Sadly no PDF of the class material seems to have survived. I do have all the original CAD files and original FrontPage HTML files, but no usable PDF of the chapters and templates. The other classes have been preserved in PDF format by Dwight Ennis, and Steve C, but the CP Huntington Class is not among them.
If anyone has a copy of the MC2005 in PDF format, please let me know!

Finally, the photos below of the wonderful finished models are only the models I saved to my hard drive, and is by no means a complete set of models. The show case originally let others post their finished models onto the page from their own web space. I dont have copies of those photos. So please feel free to add photos of your finished CP Huntington models if they're not in this set shown below:

The first model was actually made in 2001, as a test of concept, which is now owned by Phil Jensen at Hartand. The chassis was quite different to the final class design (which was way better), the original one had a much smaller motor and more fragile frame. The class models had a huge motor in them, and were really great running and powerful lil locos.































The following model was built as the prototype for the class and was used in the step-by-step instructions, named "Sir Phil Jensen"





































The next model was built by Chris Walas of California. Chris was a strong supporter of all the classes and always built superb and cheerful models:




This first photo taken at the Queen Mary Show, maybe in 2006 or so.





































This dark blue model was built by Rick Raiverly, who I think was in New Jersey?
Rick provided the laser cutting service.



















I cant remember the name of the guy who built the 4-2-2 tender version, Bill someone.
Nice job too.





























Peter Bunce of Manchester, UK, has always been a long time supporter of the class, and with the exception of MC2001, has built every class since, and in every case, more than one model too! Pete based his loco on the original Danforth Cooke styling of 1863 and also made it part of a business car, having scratch built the loco and the coach behind it, as a single articulated unit.






































I cant for the life of me remember the guy who built this one - but probably the finest CPH model in original format made in the class.
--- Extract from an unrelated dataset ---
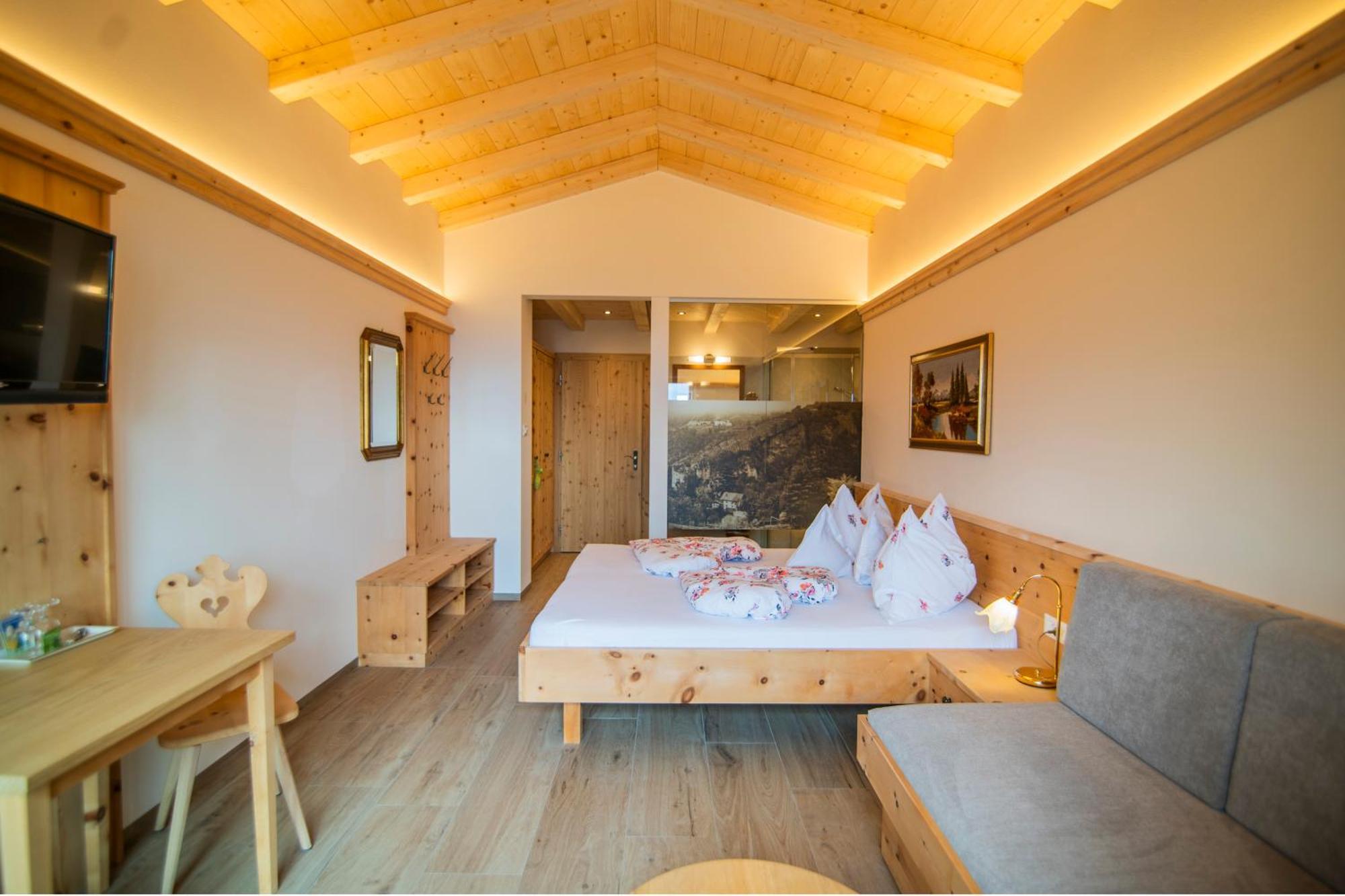 Garni Stuebele Bed & Breakfast Tirolo Bagian luar foto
Another nice one - who made it?





























And another nice well made loco - I recall he had some real fun adding batteries, sound and smoke into this lil thing:





























This mode was made by Jason Kovac of New Jersey, the start of a long friendship - we're both far more into live steam these days!











The only full tender 2-4-0 version made - again I cant recall the builder of it, but he sure had fun. I think this one was from Adelaide, Australia




















This model was built by Gavin Hince of Australia, who also built the Mason Bogie. He's now the editor of the Australian Magazine, Narrow Gauge Down Under.










This model by Jack
He also provided a bit of a build log on other sites, which gives a good look at what went into making the model for the class:

http://1stclass.mylargescale.com/rastun/ACRC/cphuntington.html




















This is Vic's cute lil variant. He made a number of changes to the chassis design to enable the thing to get around his small layouts. Nicely finished model:










Finally I built my 3rd and last 4-2-4T, based on the original 1863 Danforth Cooke Design,
I used up my spare Hartland parts, as well a test set of Rick's laser cut styrene parts!




























Please go ahead and post images of your CP Huntington models that are missing from this show case. I know Bob Martin built a great model and several others as well.

David.


----------



## SteveC (Jan 2, 2008)

Posted By David Fletcher on 27 Jan 2013 01:47 AM 
{snip...}[/i] Sadly no PDF of the class material seems to have survived. I do have all the original CAD files and original FrontPage HTML files, but no usable PDF of the chapters and templates. {snip...}[/i] 

David

If you have the original HTML for the MLS MasterClass web pages and all of the associated image files that go with those web pages. If you can package them up and get them to me (e.g. eMail, or maybe upload them to a folder on your MLS server space) I'll gladly put them into PDF format.


----------



## mransr (Sep 16, 2012)

Dave, I beleive I have all or most of the pdf files...at the time I planned to build the 4-2-2 version in On30 so I am fairly certian I have all those but may have the others as well. 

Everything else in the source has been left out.